Ao afirmar “sou a própria autora da minha vida,” a artista resgata a autonomia narrativa, confrontando séculos de apagamento cultural e genocídio indígena. A música reflete sobre a dor de ter direitos roubados, terras invadidas e identidades apagadas, enquanto também se afirma como um manifesto de resistência e descolonização.
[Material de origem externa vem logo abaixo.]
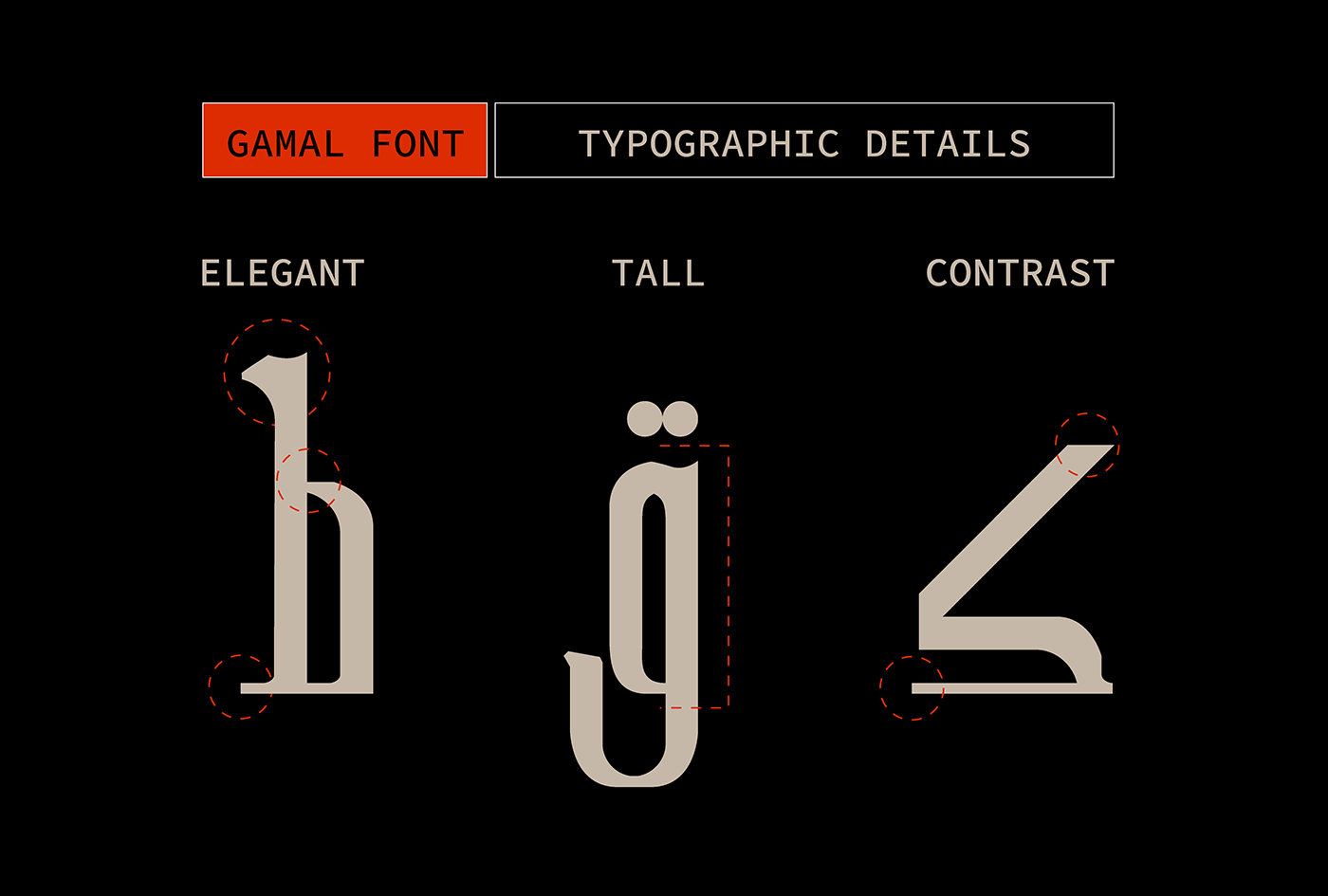 adobe illustrator Graphic Designer typedesign Typeface typography   vector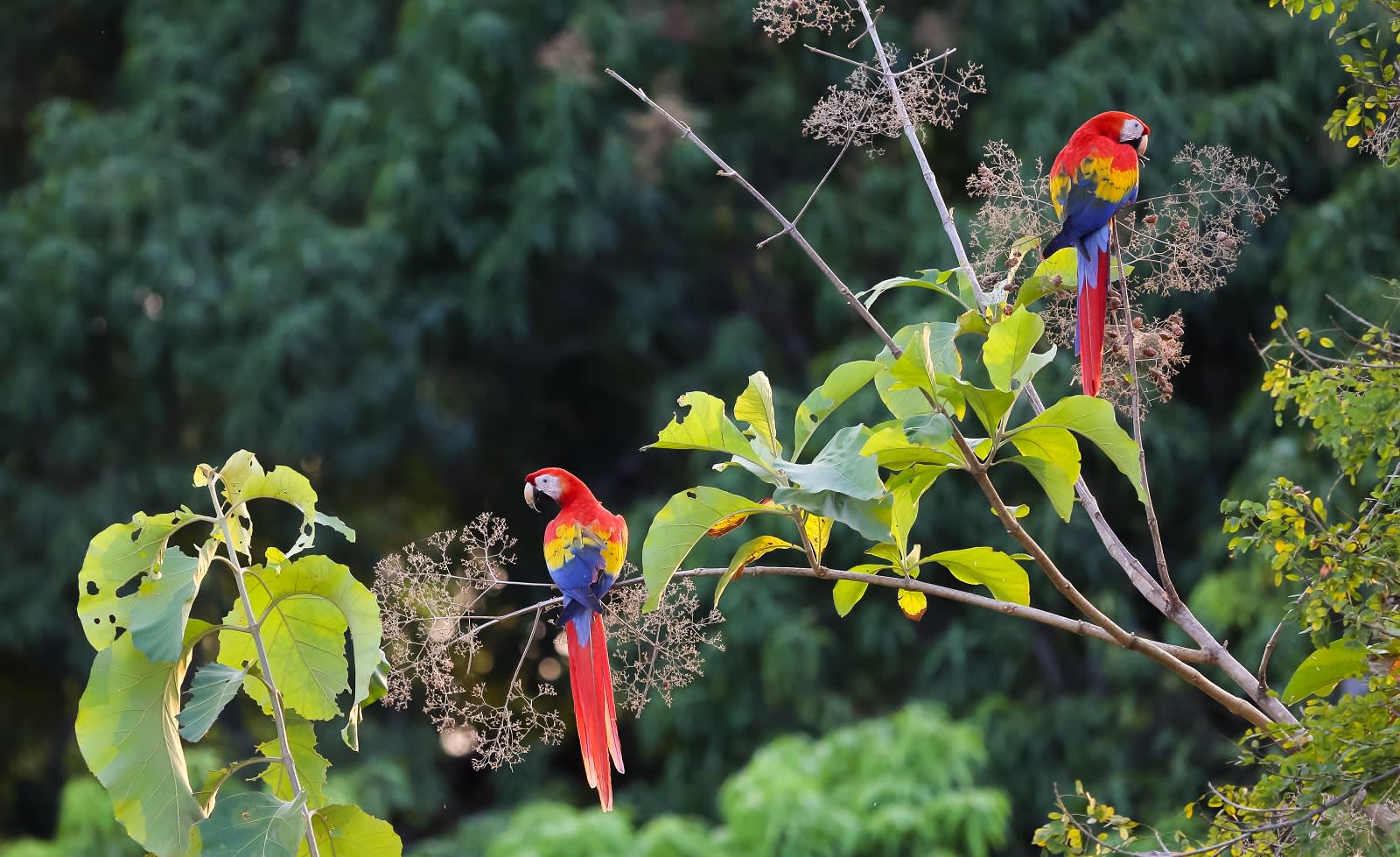 Costa Rica Sehenswürdigkeiten & Highlights | Enchanting Travels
Com a força da poesia e da música como ferramentas de comunicação, Karaiw exige que se escute o grito de quem foi posto à margem e utiliza essa escuta para questionar estruturas coloniais ainda vigentes. A obra não apenas denuncia, mas provoca reflexão, ao imaginar um experimento que inverte os papéis, colocando o colonizador diante de sua própria violência. Assim, a música torna-se um manifesto contemporâneo que insiste na luta por justiça, memória e existência plena.
Não foi Cabral
música
de MC Carol
Justificativa
Não foi Cabral, música de MC Carol, é um manifesto que questiona a narrativa oficial ensinada nas escolas sobre a história do Brasil. A música confronta diretamente o mito fundador colonial, denunciando a violência e o genocídio que marcaram a chegada dos portugueses. Com versos como “Quem descobriu o Brasil, não foi Cabral,” MC Carol subverte a versão eurocêntrica da história, trazendo à tona o apagamento e a resistência dos povos originários e dos negros escravizados.
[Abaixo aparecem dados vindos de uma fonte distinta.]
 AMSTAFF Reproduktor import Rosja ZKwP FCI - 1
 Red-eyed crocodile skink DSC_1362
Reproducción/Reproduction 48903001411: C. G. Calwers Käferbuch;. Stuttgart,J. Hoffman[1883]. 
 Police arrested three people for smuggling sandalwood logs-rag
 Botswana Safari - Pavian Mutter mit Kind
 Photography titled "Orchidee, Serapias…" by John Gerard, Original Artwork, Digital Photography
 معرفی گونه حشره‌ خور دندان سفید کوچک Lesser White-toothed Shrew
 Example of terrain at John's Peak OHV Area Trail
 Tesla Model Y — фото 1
Além disso, a música dialoga com o contexto escolar, um espaço onde muitas vezes essas narrativas são perpetuadas sem questionamento. MC Carol reposiciona figuras como Zumbi dos Palmares e Dandara como protagonistas de uma história de luta e sobrevivência, desconstruindo a ideia de passividade atribuída aos oprimidos. Ao falar de forma direta, utilizando o funk como linguagem acessível e potente, Não foi Cabral torna-se um grito de resistência e reivindicação de memória, conectando o passado ao presente na luta por reconhecimento e justiça.
Reverência
música
de MC Carol
Justificativa
A música traz uma narrativa profundamente enraizada na valorização da ancestralidade africana e na desconstrução das narrativas coloniais impostas pela história eurocêntrica, reafirmando histórias e saberes que foram distorcidos ou apagados pelo colonialismo. Seus versos exaltam as contribuições africanas para a humanidade, da ciência à espiritualidade, enquanto denunciam as narrativas eurocêntricas que tentaram reduzir essa riqueza cultural.
Abolição da Escravatura
música
de Mestre João Pequeno
Justificativa
A ladainha Abolição da Escravatura, do Mestre de Capoeira Angola João Pequeno, traz uma reflexão profunda sobre a história oficial da libertação dos negros no Brasil, desconstruindo o mito da Princesa Isabel como heroína e destacando as lutas dos povos negros e quilombolas. A letra reafirma a resistência histórica e cultural, representada por figuras como Zumbi dos Palmares, e questiona as narrativas escolares que invisibilizam o protagonismo negro e perpetuam a falsa ideia de liberdade concedida de forma benevolente.
A música de João Pequeno, assim como a Capoeira Angola, é um convite à reflexão sobre as histórias não contadas e um chamado à continuidade da luta por liberdade e justiça. Ela ressoa como uma ponte entre passado e presente, alinhando se à necessidade de revisitar o a representação do Povo Negro na história brasileira e reafirmar sua centralidade na construção do país.